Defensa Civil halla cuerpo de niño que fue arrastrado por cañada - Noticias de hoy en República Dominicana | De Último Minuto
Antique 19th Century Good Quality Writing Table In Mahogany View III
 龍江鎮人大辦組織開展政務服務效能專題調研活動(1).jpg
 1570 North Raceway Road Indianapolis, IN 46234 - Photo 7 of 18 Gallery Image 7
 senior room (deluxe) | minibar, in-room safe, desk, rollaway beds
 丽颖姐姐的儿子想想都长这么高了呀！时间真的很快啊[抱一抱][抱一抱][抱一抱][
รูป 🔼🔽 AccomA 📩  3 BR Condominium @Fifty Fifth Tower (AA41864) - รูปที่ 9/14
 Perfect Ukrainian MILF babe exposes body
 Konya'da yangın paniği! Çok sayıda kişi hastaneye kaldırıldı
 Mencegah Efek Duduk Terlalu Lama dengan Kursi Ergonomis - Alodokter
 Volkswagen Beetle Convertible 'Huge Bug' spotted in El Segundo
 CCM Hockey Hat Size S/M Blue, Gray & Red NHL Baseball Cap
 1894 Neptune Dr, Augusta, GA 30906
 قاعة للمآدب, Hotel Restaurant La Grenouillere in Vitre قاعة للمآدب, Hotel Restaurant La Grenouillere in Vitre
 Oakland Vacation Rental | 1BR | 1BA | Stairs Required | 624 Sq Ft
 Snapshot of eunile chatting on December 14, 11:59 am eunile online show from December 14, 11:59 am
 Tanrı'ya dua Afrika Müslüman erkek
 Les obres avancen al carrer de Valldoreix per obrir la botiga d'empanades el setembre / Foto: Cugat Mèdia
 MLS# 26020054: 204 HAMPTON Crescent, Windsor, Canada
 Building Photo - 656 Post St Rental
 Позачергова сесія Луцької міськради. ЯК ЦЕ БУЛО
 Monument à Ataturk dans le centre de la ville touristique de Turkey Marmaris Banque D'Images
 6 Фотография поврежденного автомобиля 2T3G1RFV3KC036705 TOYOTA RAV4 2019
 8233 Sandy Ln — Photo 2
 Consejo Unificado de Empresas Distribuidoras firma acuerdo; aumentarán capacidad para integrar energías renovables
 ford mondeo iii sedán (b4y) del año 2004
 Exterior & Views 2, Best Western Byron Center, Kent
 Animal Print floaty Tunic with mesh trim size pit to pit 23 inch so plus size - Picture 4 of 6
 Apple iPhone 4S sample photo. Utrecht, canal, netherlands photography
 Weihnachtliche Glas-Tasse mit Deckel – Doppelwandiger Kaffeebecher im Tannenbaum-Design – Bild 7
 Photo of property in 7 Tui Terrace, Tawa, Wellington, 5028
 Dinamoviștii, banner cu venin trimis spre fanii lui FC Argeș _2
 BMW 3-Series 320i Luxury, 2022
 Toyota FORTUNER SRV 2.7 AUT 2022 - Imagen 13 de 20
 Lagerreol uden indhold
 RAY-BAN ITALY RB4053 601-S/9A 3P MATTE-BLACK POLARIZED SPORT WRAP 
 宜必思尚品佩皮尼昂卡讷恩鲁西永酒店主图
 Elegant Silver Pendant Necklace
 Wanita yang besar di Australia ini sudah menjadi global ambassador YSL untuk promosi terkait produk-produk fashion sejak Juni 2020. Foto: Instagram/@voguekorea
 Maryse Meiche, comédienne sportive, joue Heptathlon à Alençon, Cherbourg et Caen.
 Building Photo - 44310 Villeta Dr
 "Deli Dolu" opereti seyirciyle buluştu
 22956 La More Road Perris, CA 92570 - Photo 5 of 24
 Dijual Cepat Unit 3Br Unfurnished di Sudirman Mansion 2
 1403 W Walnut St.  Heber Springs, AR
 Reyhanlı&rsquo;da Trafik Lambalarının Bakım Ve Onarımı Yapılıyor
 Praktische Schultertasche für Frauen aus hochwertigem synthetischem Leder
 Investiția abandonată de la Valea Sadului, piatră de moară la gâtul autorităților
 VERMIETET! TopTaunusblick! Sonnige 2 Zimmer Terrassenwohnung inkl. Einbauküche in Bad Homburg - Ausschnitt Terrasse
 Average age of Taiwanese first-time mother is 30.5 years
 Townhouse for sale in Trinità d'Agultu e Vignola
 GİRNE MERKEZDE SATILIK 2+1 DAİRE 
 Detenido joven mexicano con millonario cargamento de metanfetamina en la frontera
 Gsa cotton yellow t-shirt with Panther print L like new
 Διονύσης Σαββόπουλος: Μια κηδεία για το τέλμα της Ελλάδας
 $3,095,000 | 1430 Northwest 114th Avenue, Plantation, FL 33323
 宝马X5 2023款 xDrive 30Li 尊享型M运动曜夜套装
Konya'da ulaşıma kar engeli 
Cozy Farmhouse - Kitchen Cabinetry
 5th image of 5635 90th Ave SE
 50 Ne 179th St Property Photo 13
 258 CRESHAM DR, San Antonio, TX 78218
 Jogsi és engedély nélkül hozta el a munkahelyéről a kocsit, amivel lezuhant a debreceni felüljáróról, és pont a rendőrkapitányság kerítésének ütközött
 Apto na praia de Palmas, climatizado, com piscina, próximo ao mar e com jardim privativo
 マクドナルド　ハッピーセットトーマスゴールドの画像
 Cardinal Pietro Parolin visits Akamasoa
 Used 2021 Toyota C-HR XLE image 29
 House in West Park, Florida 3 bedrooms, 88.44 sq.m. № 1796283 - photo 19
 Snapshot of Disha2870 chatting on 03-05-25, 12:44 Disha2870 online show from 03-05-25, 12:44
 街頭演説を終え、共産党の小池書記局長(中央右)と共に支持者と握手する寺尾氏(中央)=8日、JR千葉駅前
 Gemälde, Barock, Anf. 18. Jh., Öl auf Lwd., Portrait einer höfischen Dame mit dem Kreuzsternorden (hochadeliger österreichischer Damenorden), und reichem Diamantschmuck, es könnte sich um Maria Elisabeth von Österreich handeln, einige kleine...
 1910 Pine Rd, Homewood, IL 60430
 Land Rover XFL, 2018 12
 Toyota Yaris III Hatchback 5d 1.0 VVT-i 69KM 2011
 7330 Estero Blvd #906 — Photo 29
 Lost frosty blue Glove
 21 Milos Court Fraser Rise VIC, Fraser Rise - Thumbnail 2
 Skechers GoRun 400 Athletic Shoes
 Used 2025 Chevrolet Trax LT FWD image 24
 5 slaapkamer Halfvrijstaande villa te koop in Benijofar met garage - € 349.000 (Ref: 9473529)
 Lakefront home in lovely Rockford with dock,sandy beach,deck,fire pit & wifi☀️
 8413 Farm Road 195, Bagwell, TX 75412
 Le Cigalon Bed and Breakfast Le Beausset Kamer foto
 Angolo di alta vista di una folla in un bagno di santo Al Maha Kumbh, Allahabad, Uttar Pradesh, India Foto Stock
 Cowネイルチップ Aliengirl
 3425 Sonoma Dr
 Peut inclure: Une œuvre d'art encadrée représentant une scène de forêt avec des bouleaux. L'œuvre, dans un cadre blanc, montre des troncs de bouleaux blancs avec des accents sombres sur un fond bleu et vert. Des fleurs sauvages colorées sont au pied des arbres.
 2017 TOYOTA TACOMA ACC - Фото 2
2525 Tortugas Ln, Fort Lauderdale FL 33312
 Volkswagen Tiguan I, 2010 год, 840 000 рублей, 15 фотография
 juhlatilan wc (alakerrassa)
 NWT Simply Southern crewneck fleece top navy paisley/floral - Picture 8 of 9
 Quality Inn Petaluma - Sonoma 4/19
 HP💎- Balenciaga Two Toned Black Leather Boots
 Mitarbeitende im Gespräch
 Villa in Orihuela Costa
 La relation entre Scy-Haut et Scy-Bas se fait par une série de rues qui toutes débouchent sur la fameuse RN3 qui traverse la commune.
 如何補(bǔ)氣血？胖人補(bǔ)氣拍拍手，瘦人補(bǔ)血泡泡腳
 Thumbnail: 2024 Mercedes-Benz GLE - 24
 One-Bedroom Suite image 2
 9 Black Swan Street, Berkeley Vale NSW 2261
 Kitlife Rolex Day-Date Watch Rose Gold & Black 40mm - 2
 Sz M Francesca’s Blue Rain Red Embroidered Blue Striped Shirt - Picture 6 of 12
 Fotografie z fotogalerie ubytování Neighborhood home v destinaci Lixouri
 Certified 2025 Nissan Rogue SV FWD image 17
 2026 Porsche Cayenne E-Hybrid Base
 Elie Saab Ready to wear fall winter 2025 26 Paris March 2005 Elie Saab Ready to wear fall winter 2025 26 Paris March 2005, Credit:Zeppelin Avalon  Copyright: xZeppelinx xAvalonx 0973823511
______________________________
== TASK ==
In the entries above, one line contains "Photo of property" and another contains "Elegant Silver Pendant Necklace". Reproduce exactly those two lines and the lines between them, nothing else.

== RESPONSE AREA ==
 Photo of property in 7 Tui Terrace, Tawa, Wellington, 5028
 Dinamoviștii, banner cu venin trimis spre fanii lui FC Argeș _2
 BMW 3-Series 320i Luxury, 2022
 Toyota FORTUNER SRV 2.7 AUT 2022 - Imagen 13 de 20
 Lagerreol uden indhold
 RAY-BAN ITALY RB4053 601-S/9A 3P MATTE-BLACK POLARIZED SPORT WRAP 
 宜必思尚品佩皮尼昂卡讷恩鲁西永酒店主图
 Elegant Silver Pendant Necklace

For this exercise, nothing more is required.